Sometime ago my old Asus X101H netbook died with a molten cooler fan. I've extracted it's webcam, which I want to use for another project.

Now I'm trying to map the pinout of the connector. The situation looks like this:

The boards front

The boards back

Connector

So I'm guessing it's using USB to connect the webcam. On the board is also a microphone, so I'm guessing there are two USB interfaces.

I've figured out the grounds by measuring the resistance by the screw hole (left side of the boards frontal view).

The black and the blue wire are GNDs. I know it's hard to figure out D- and D+ but it's not so bad if I get the wrong.
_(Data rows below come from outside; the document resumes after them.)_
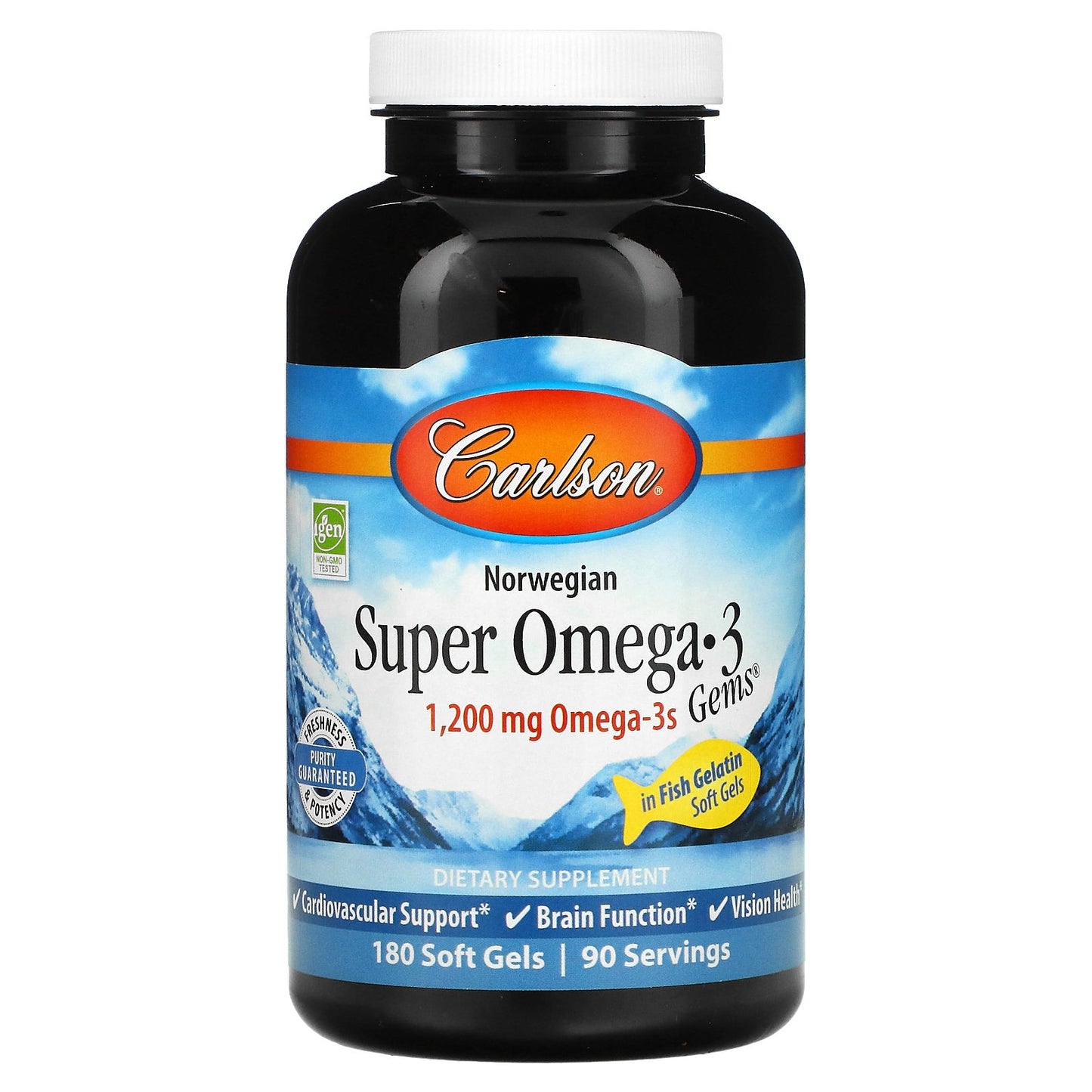 Carlson, Norwegian Super Omega-3 Gems®, 180 Soft Gels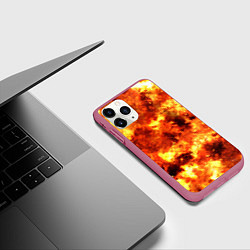 Чехол iPhone 11 Pro матовый Ядерный взрыв огонь, цвет: 3D-малиновый — фото 2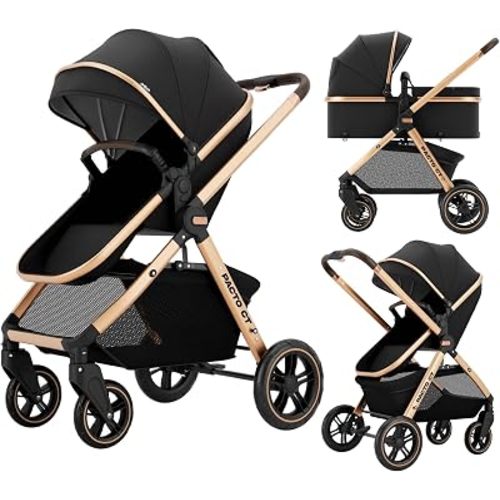DrBash 2-in-1 Baby Stroller, Convertible Reversible Seat, Compact Fold, All-Terrain Wheels, Large Canopy, Newborn to Toddler Portable Baby Stroller with Storage Basket & Accessories (ROSE GOLD)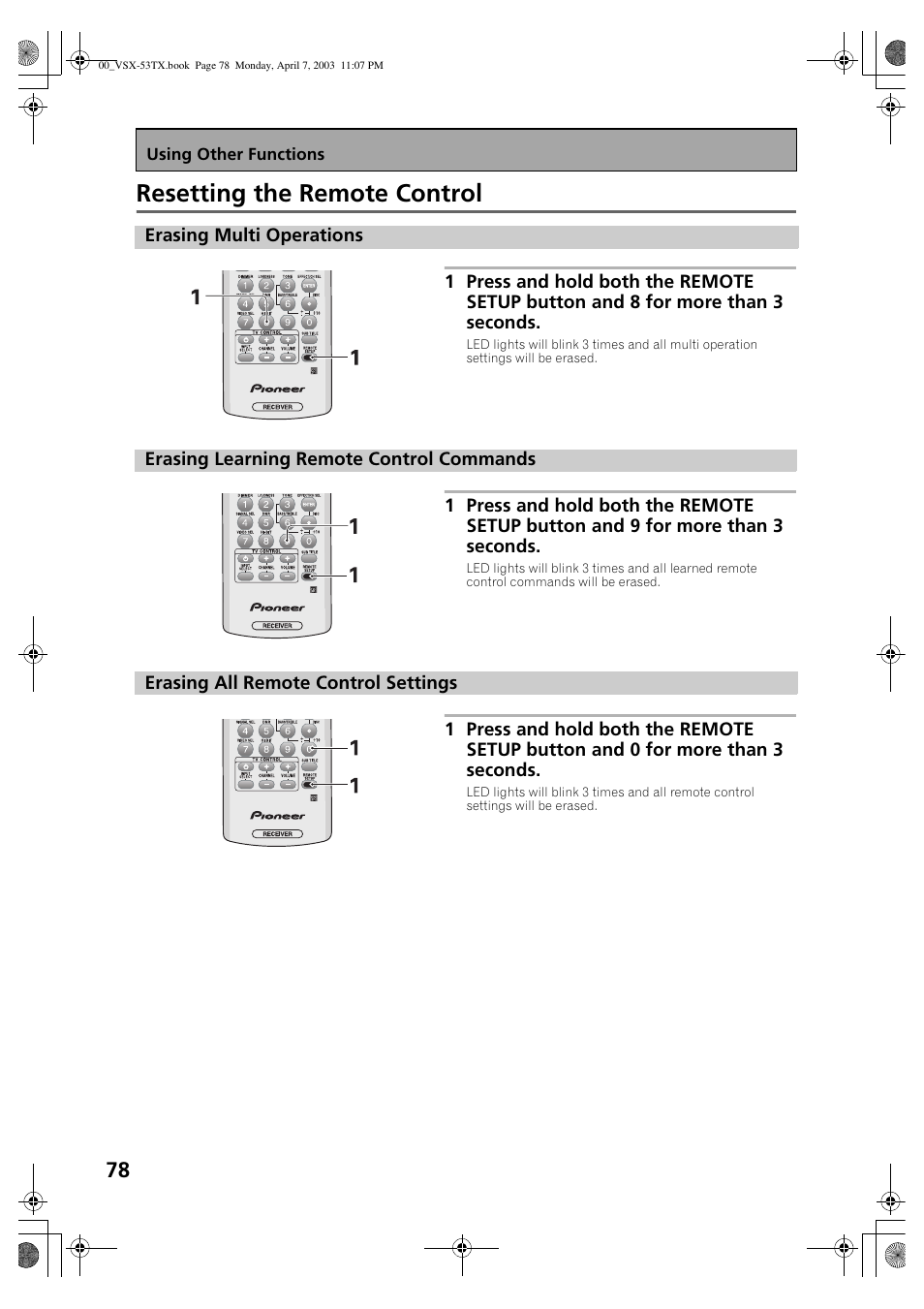 Resetting the remote control | Pioneer Elite VSX-53TX User Manual | Page 78 / 107
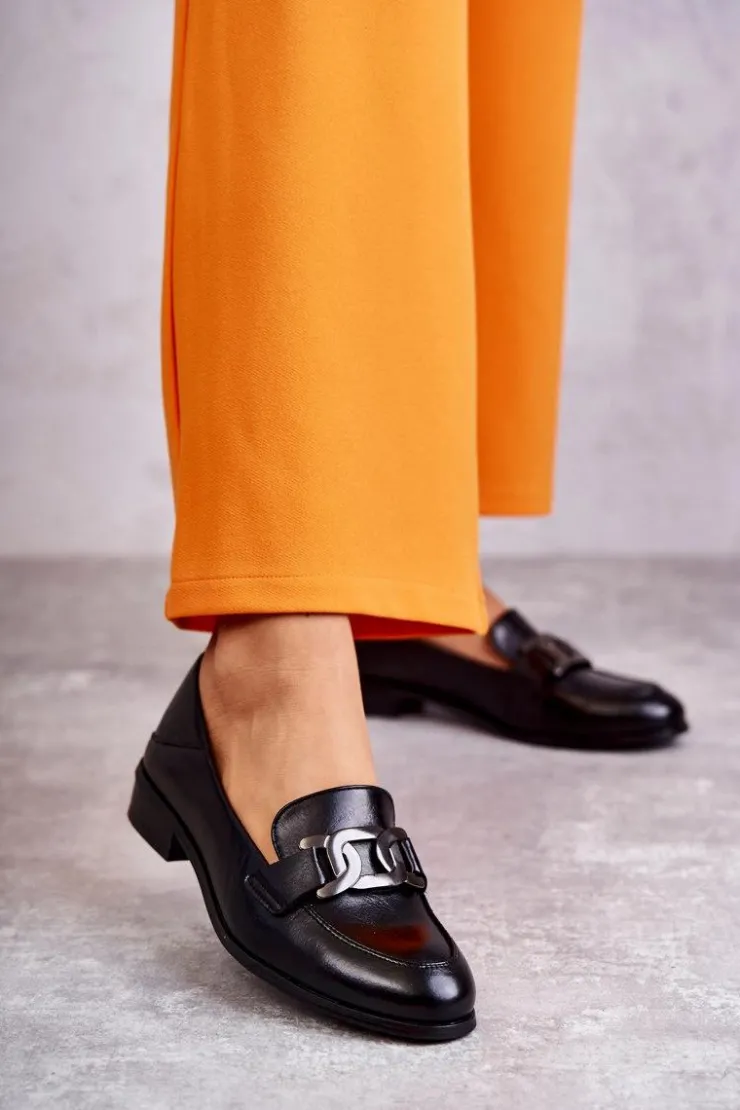 Outlet Buty damskie Vinceza Modne Skórzane Półbuty Loafery Czarne Trine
My only problem is, how can I figure out which pins are the VCCs?

On the label of the cable is written:

X101H CMOS CABLE
P/N: 14004-00090100
HIGH-TEK (KW5) 11/08/22

I've a Fluke Multimeter, but not many other tools.

Thank you in advance!

Best Answer

It's very likely your webcam board runs from 3.3V and not the usb standard of 5V. With that in mind, the simplest way to find the VCC pins is to look for decoupling capacitors, and LEDs. The larger capacitors on your board will be connected between ground and a power rail. That might be a local chip generated power rail, in which case move on, or it might be the input power from the connector, in which case you have a winner. Again with the LEDs the +ve side of the LED will likely either be connected to a +ve power rail, or connected through a resistor to a +ve power rail.
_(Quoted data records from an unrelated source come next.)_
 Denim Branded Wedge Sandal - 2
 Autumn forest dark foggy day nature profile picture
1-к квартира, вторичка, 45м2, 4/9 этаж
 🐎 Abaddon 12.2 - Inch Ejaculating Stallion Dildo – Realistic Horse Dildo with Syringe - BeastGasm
I'd expect the microphone to be analogue rather than USB, so you can expect 2 of 3 wires for that, a bias supply a ground and a signal line, or just ground and signal and bias joined. They might generate the bias supply on that board from the 3.3v, but it's unlikely as that digital power supply will be noisy, and they'll already be a bias supply on the motherboard for the microphone socket. If the designer was competent they'd probably keep that away from the USB end of the connector. You can likely find the microphone by measuring continuity from its pins.